*DATA FOR THIS TASK:*
* * * * * * *

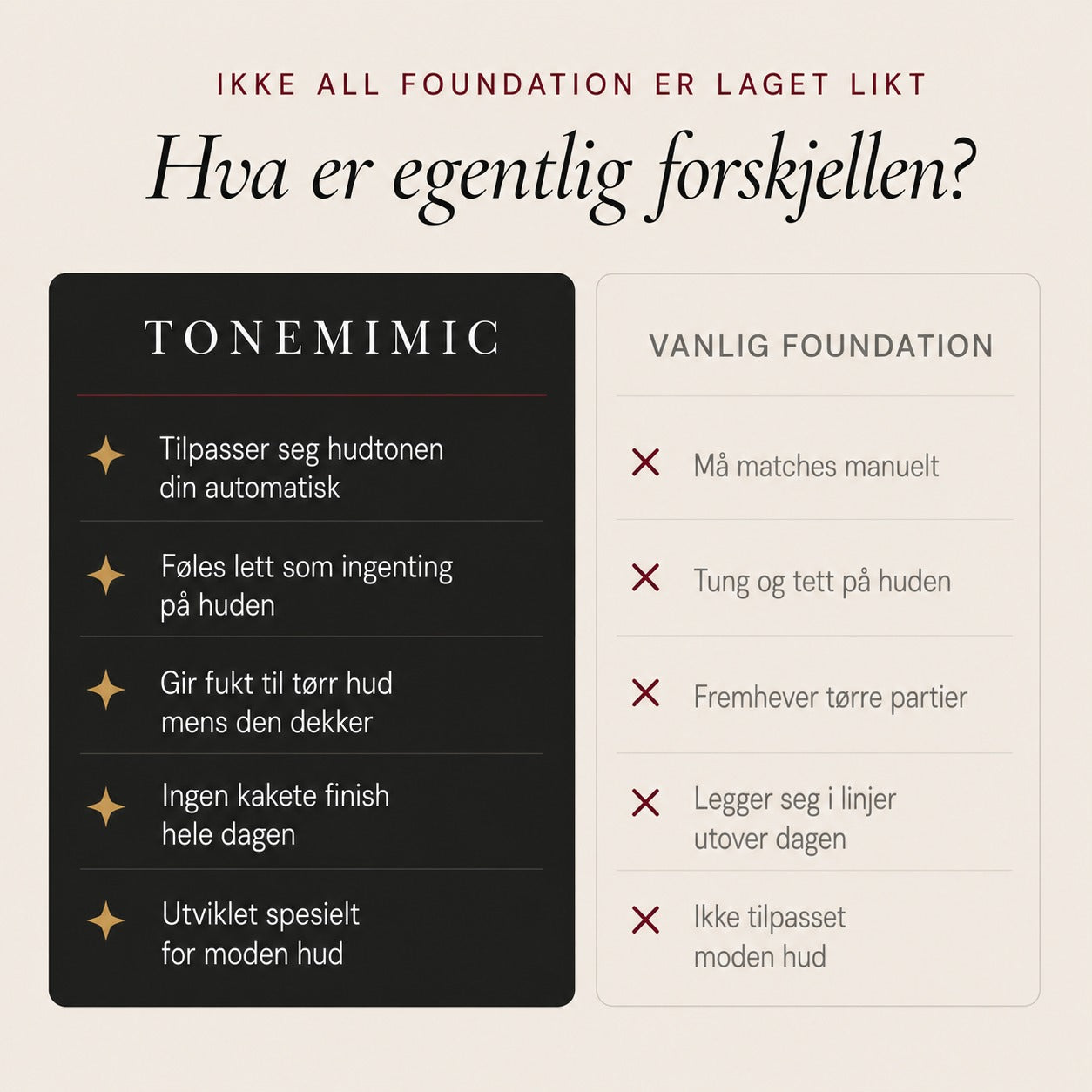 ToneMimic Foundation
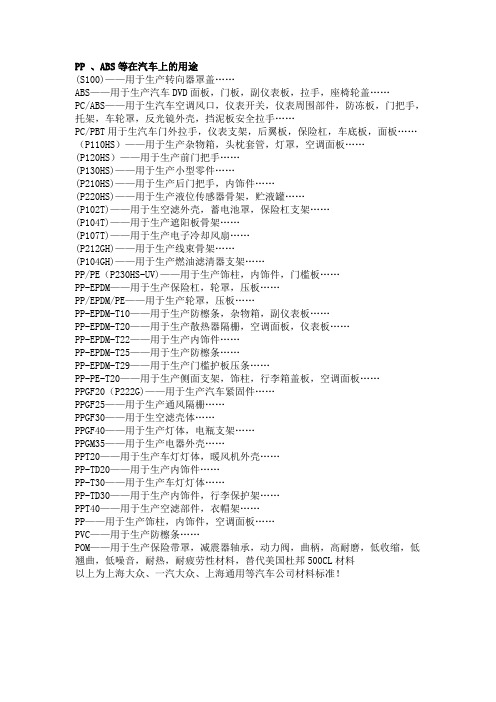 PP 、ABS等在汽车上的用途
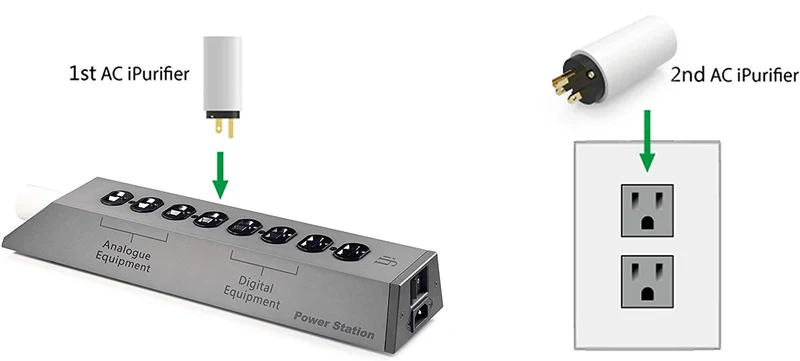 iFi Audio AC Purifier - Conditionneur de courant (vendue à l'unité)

* * * * * * *

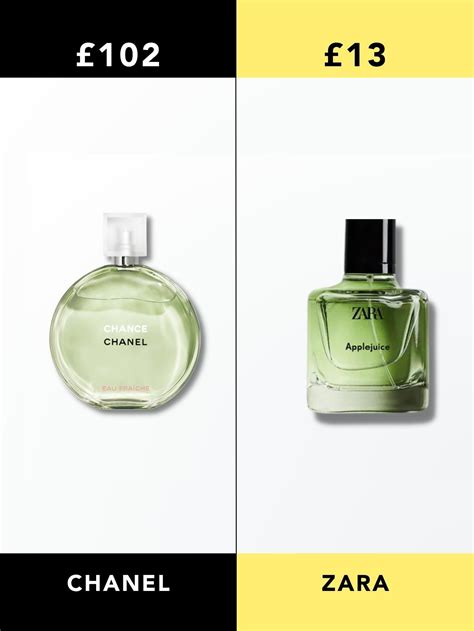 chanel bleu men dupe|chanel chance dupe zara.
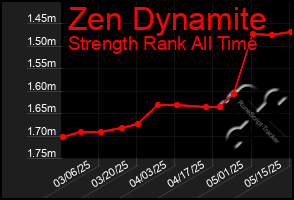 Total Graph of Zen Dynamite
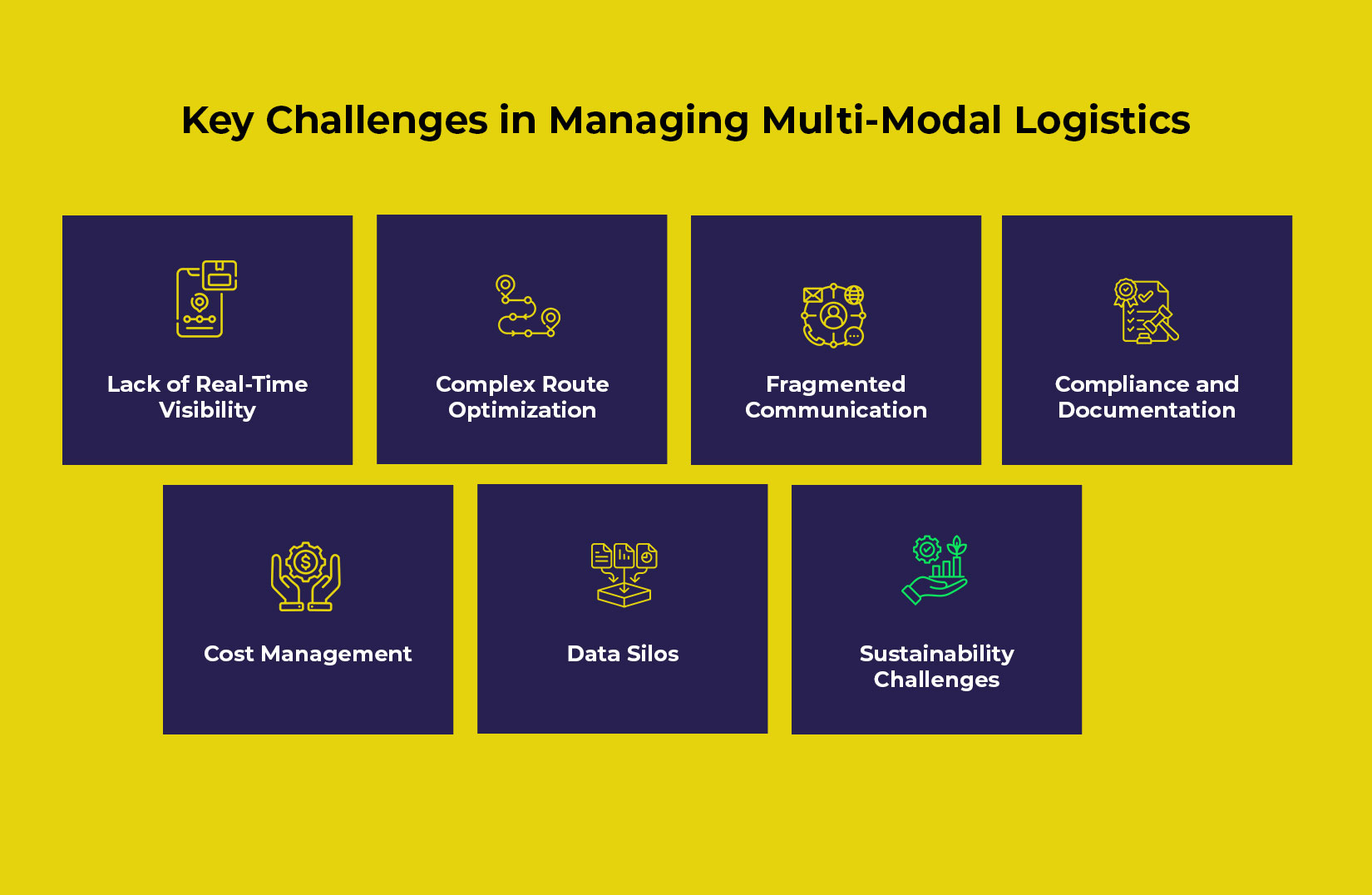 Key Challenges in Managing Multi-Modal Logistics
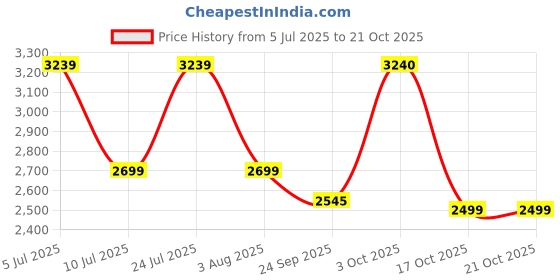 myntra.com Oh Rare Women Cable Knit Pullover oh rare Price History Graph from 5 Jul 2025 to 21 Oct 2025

* * * * * * *

*ASSIGNED TASK:* The lines to copy exactly start with the line above that has "chanel bleu men" and go on through the line that has "myntra.com Oh Rare"; please include both, add nothing else, and omit the pictures.

*ANSWER TO THIS TASK:*
 chanel bleu men dupe|chanel chance dupe zara.
 Total Graph of Zen Dynamite
 Key Challenges in Managing Multi-Modal Logistics
 myntra.com Oh Rare Women Cable Knit Pullover oh rare Price History Graph from 5 Jul 2025 to 21 Oct 2025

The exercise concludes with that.